Immer wieder Sonntag(s) – Ein Leben in Quarantäne

Jeder Tag fühlt sich mit Blick aus dem Fenster wie ein Sonntag an. Die Straßen sind leer gefegt, die Stadt ist eingehüllt in eine eigenartige Ruhe. Von einem Tag auf den anderen ist nichts mehr wie es war. Und auch wenn wir es für den Moment nicht wahrhaben wollen, es wird auch nie wieder so sein, wie vorher. Unsere Wertschätzung für die Dinge, die wir tun (dürfen), wird eine andere sein.

Was wir vorher kaum eines Blickes gewürdigt oder zu schätzen gewusst haben, tritt nun ins Rampenlicht. Wann saß ich zuletzt auf dem Balkon, habe die Beine hochgelegt und einfach nur in den Himmel geguckt? Begleitet von zwitschernden Vögeln, die völlig ungestört und unbeeindruckt von der derzeitigen Situation, herumsausen.

Freiheit wird neu definiert

Der Begriff von Freiheit wird eine ganz neue Bedeutung kriegen.

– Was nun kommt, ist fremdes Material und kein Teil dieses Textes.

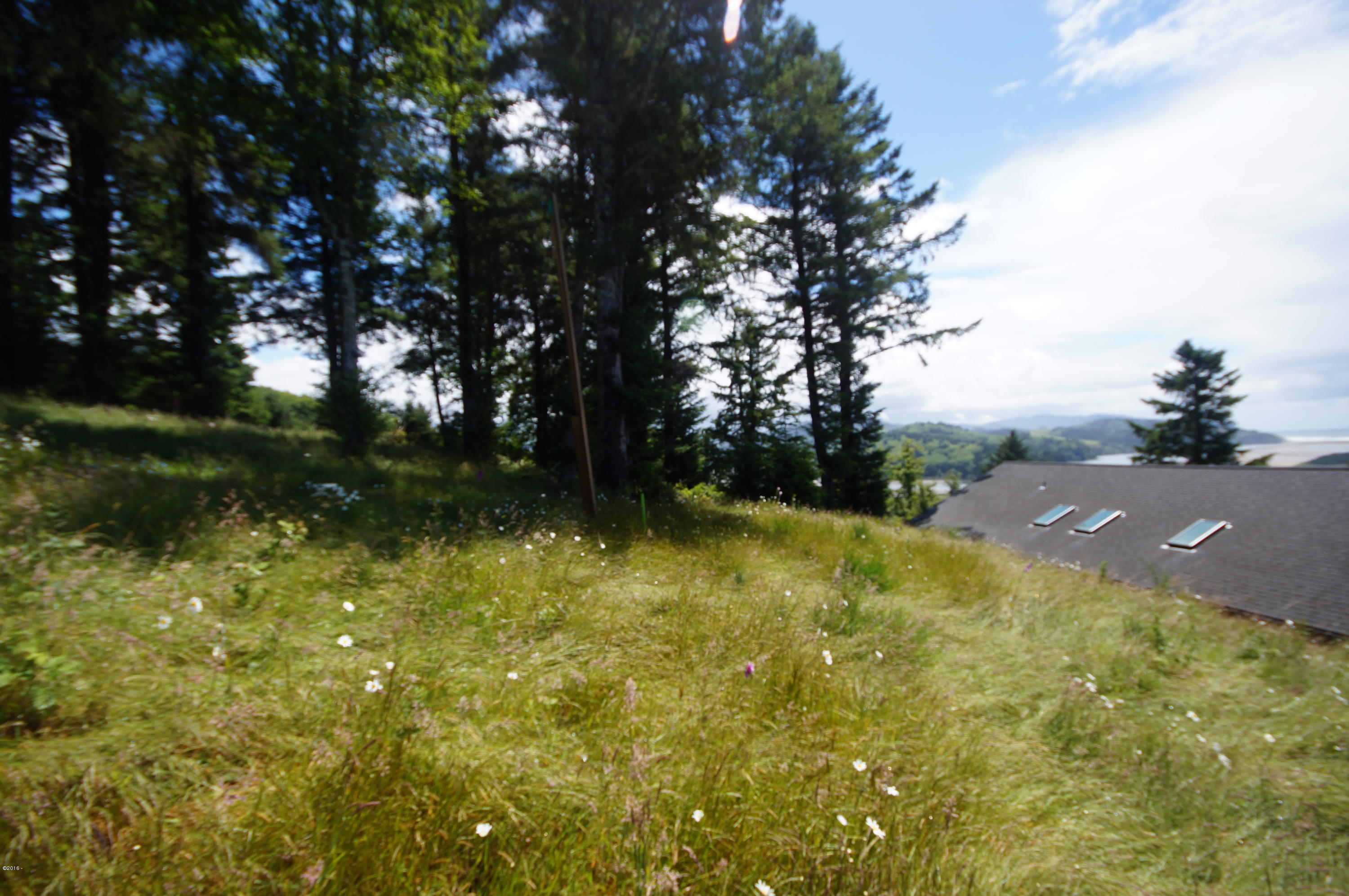 Lot 2 Brooten Mountain Road Pacific City, OR 97135 - Photo 8 of 11 South Side of Lot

Viele Ostdeutsche hört man sagen, dass das Aktuelle in Teilen dem bereits zu DDR-Zeiten Erlebten ähnelt. Das Gefühl der Einschränkung – egal ob es um das Reisen, Lebensmittel oder den Lebensunterhalt geht. Die Ausgangssperre verlangt uns Einiges ab. Stichwort Disziplin. So diszipliniert zu sein, kennen wir eigentlich nur aus der Schulzeit. Doch statt dem Lehrer hören wir auf Politiker und Medien. Abstand halten, Maske tragen und peinlich genau auf jegliche Handhygiene achten. Neue Regeln begleiten uns von nun an durch den Alltag.

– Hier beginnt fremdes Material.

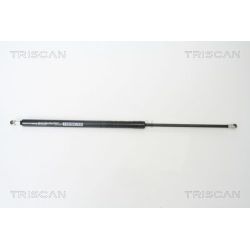 Dujinė spyruoklė, bagažinė TRISCAN 8710 50243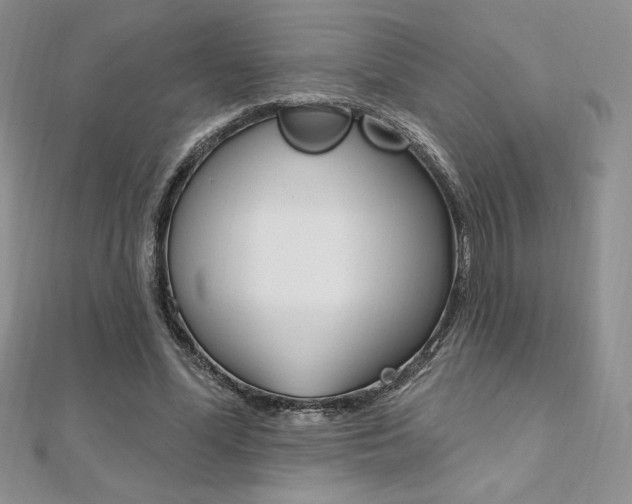 X0000112020588200908031043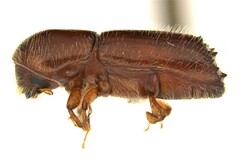 Xyleborus celsus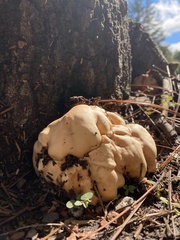 Trichoderma peltatum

Trotzdem hilft mir die Quarantäne. Sie hilft mir dabei, mein Leben zu entschleunigen. Sonst gehetzt von Job, Terminen, Haushalt und anderen Verpflichtungen ist endlich mal wieder Zeit, sich auf das eigene Wohlergehen zu konzentrieren. Was tut mir gerade gut? Was hilft mir insbesondere jetzt, die beschwerliche Situation besser zu bewältigen?

Übergroße Dankbarkeit

Wenn wir zu den glücklichen Menschen gehören, die ihrem Job weiterhin nachgehen dürfen, vielleicht sogar in gleichem Ausmaße fortführen können, erfüllt uns im Moment übergroße Dankbarkeit. Dankbar dafür, keine großen Einschnitte hinnehmen zu müssen. Abgesehen davon, dass sich alles irgendwie ungewohnt anfühlt. Statt nach dem Frühstück auf die Bahn zu rennen, um pünktlich im Büro anzukommen, setze ich mich an den keine fünf Meter entfernten Schreibtisch im Nachbarzimmer. Meinen Kollegen winke ich nur virtuell ein „Hallo“ zu. Mir gegenüber sitzt nämlich mein Ehemann, dem es genauso geht wie mir – Wir befinden uns beide im Home Office.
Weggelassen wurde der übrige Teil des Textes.